The third force is accelerating institutionalization. Unlike DeFi natives’ preferences for anonymity, permissionlessness, and complex strategies, institutional capital demands compliance, auditability, and risk control. RWA lending platforms such as Centrifuge and RWA.xyz have designed product frameworks explicitly meeting institutional needs: KYC/AML verification, off-chain credit assessment, custodial clearing, and regulatory reporting—transplanting traditional finance’s infrastructure onto-chain. A deeper shift is underway: institutional participation is altering on-chain lending’s strategic dynamics. Traditional DeFi players habitually exploit leverage, flash loans, and arbitrage to extract protocol value, whereas institutional capital favors conservative “hold-lend-rehold” strategies. This divergence will fundamentally reshape lending protocols’ capital structures and yield curves—driving more long-term locked capital, more stable rates, and fewer speculative liquidations. For protocols, balancing institutional service excellence with retail liquidity retention remains a persistent, delicate challenge.
V. Participation Strategies: Three Value Vectors and Risk Warnings
For investors and practitioners targeting the on-chain lending sector, the current market offers three clear value participation vectors. The first vector is investment extension within the Aave ecosystem. Beyond holding AAVE tokens directly, monitoring Morpho Labs (an independent protocol evolving from Aave’s optimization layer, with Morpho Blue pioneering oracle-free lending), Spark Finance (a stablecoin lending protocol deeply integrated with MakerDAO’s DSR ecosystem, benefiting from DSR’s expansion), and new functionalities enabled by Aave V4 (e.g., Institutional Market, cross-chain liquidation) offers superior risk-adjusted returns. Historical data shows AAVE tokens consistently generate significant alpha following major Aave version upgrades or record-high TVL milestones.

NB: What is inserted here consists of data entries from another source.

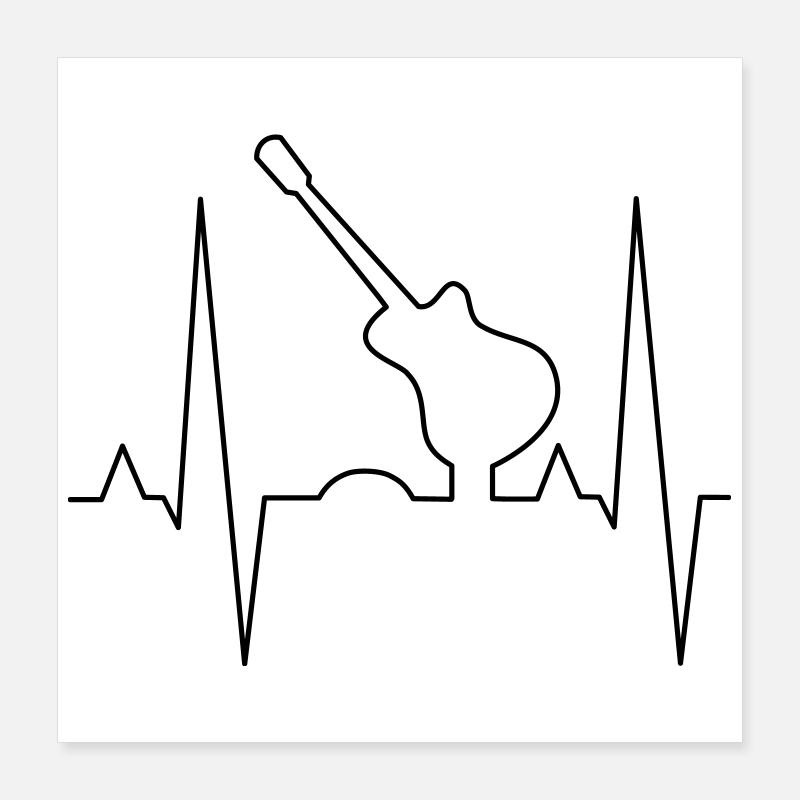 Guitar Print Design Poster 16" x 16" (40x40 cm)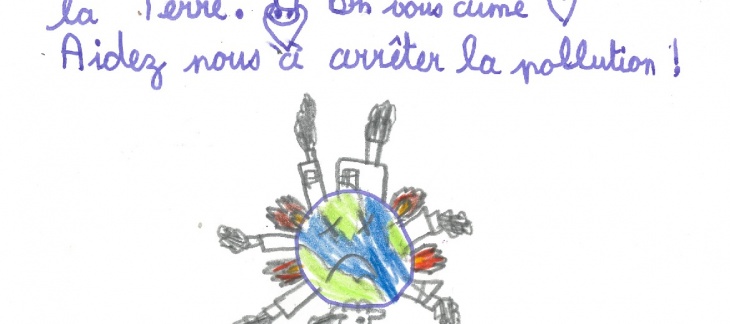 dessin d'enfant "Aidez-nous à arrêter la pollution"!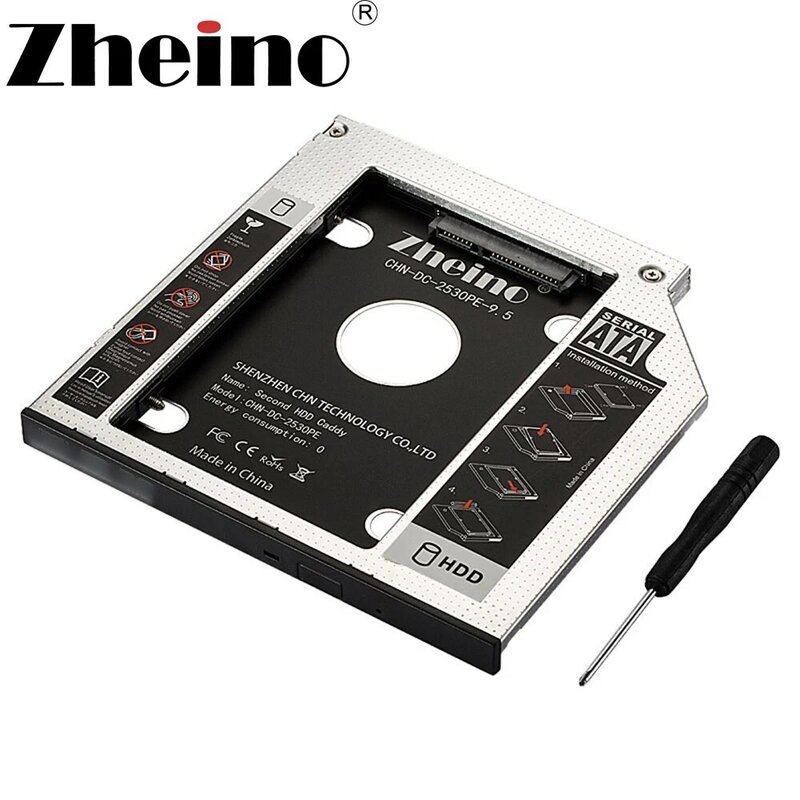 Zheino Aluminium 9.5 Mm 2nd HDD SSD Caddy 2.5 SATA untuk SATA Bingkai Caddy HDD Case Adaptor Bay untuk Notebook LAPTOP CD/DVD-ROM Aneh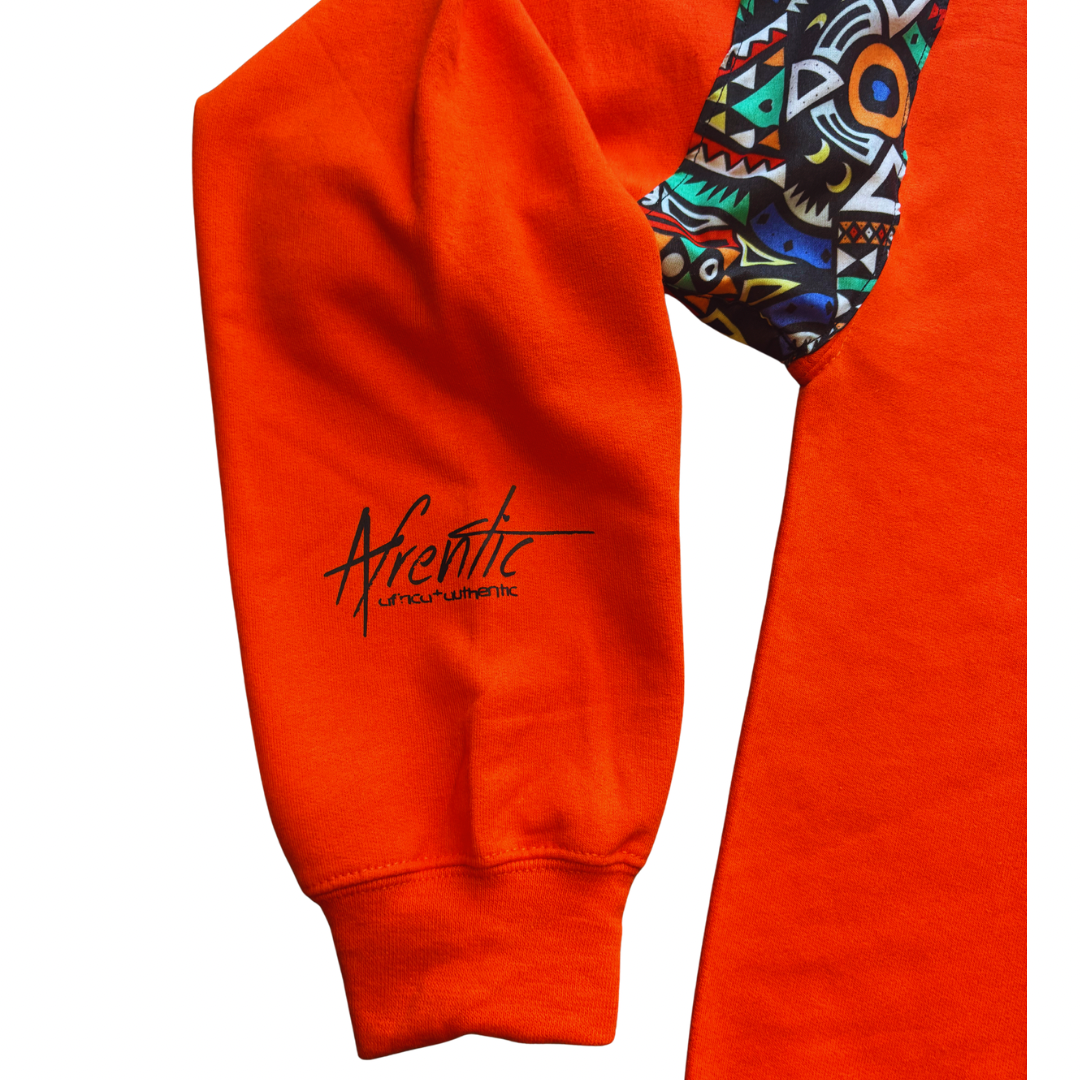 Orange Ankara Crew Neck Sweater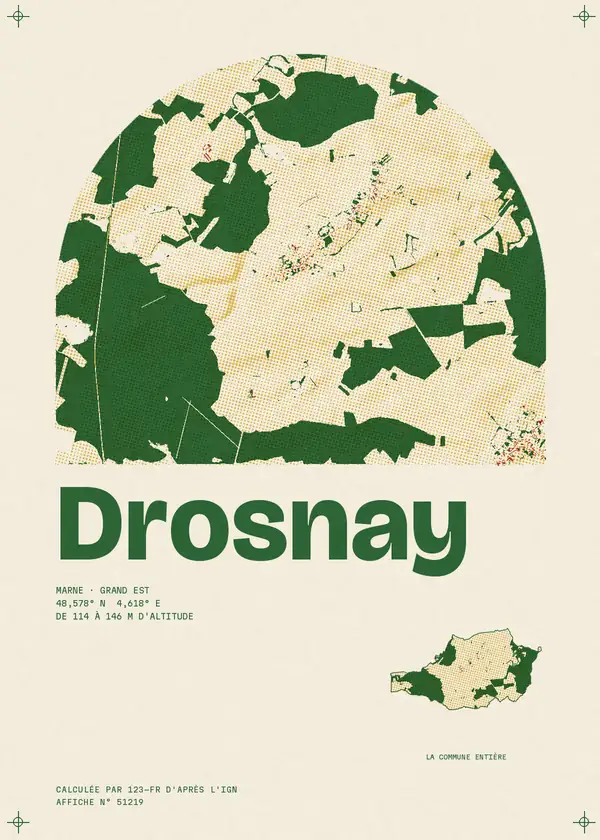 Affiche de Drosnay, calculée par 123-fr d'après l'IGN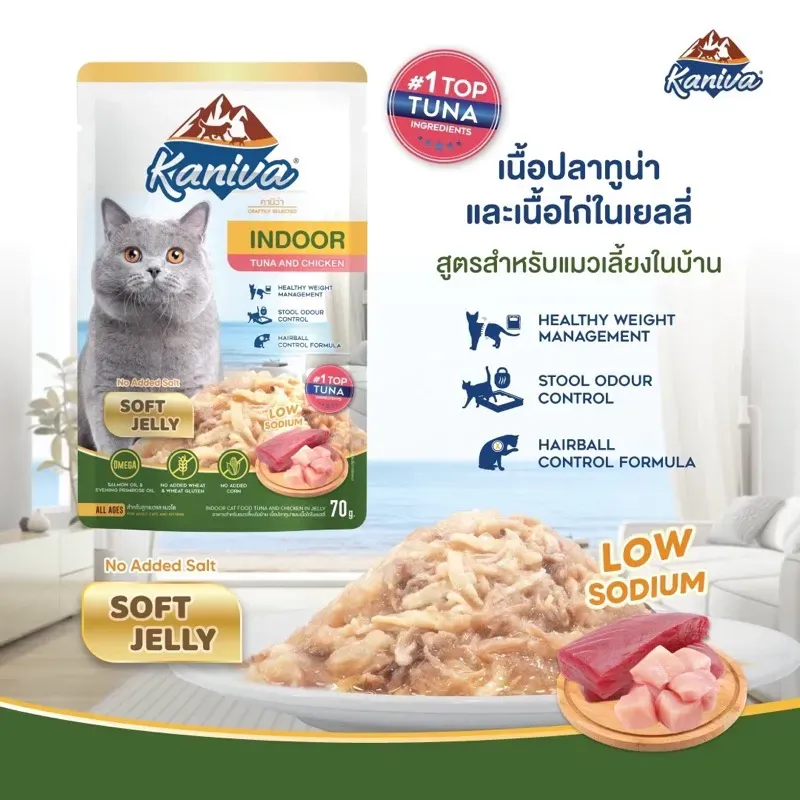 Kaniva Indoor Cat Wet Food Pouch 70G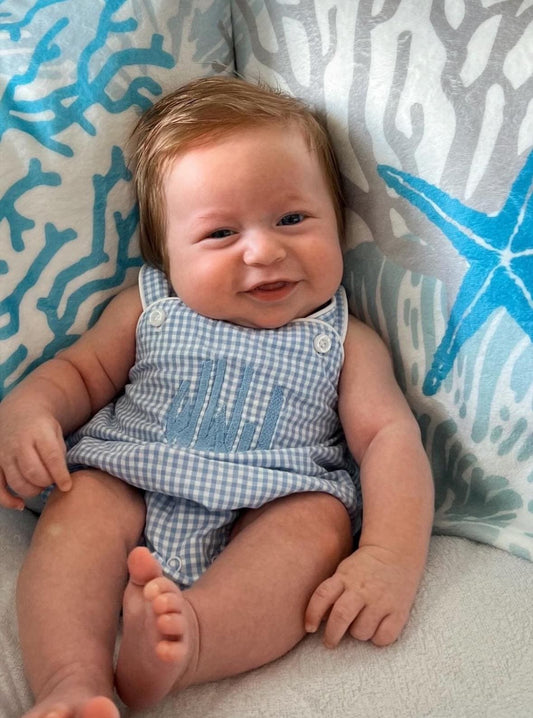 Customizable Monogram Blue Gingham Bubble, Baby Boy Girl Toddler | Seersucker, Green, Romper, NB 3m 6m 9m 12m 18m 2t 3t, Stripes, Sunsuit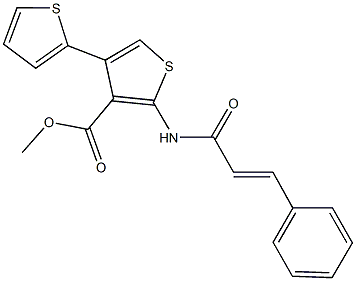 methyl 2-{[3-phenylprop-2-enoyl]amino}-4,2'-bithiophene-3-carboxylate Struktur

The second vector is beta exposure to the RWA lending sector. Ondo Finance (OUSG), Maple Finance (institutional credit), and Centrifuge (physical asset financing) represent three distinct RWA entry points. Ondo’s advantage lies in deep integration with BlackRock’s BUIDL fund and stable yield from compliant U.S. Treasuries; Maple’s strength stems from established credit files with real institutional borrowers (e.g., Coinbase Ventures, Framework Ventures); Centrifuge’s edge resides in genuine physical asset financing demand and low default rates. Investors seeking RWA exposure should adopt diversified allocation strategies to mitigate black-swan risks tied to any single protocol.
The third vector is structural opportunities in fixed-rate innovation protocols. Pendle Finance and Notional Finance represent two distinct fixed-rate approaches: Pendle achieves “yield separation” through yield-tokenization, catering to advanced users fluent in DeFi Lego logic; Notional delivers “rate locking” via traditional fixed-term loans, better suited for institutions prioritizing stability. Notably, Pendle’s TVL surged tenfold in 2024—from under $100 million to over $1 billion—with its highly volatile YT tokens creating fertile ground for arbitrage and speculative strategies.
While pursuing these opportunities, three risks warrant close attention. First is smart contract risk—lending protocols’ massive TVL makes them high-value targets for hackers. The 2023 Euler Finance hack ($197M loss) serves as a stark reminder that even top-tier protocols may harbor undiscovered vulnerabilities. Second is liquidity concentration risk—if a single collateral type (e.g., stETH, Lido’s staked ETH) comprises an excessive share of a protocol’s TVL, extreme volatility in that asset could trigger systemic liquidations. Third is regulatory policy risk—the “permissionless lending” functionality of on-chain protocols may be classified by regulators as unregistered securities issuance or illegal fundraising, especially under U.S. and EU MiCA frameworks—significantly raising compliance costs. For portfolio allocation, we recommend capping on-chain lending exposure at 20–30% of overall DeFi allocations, prioritizing mature protocols with extensive audits, stable TVL, and transparent team backgrounds.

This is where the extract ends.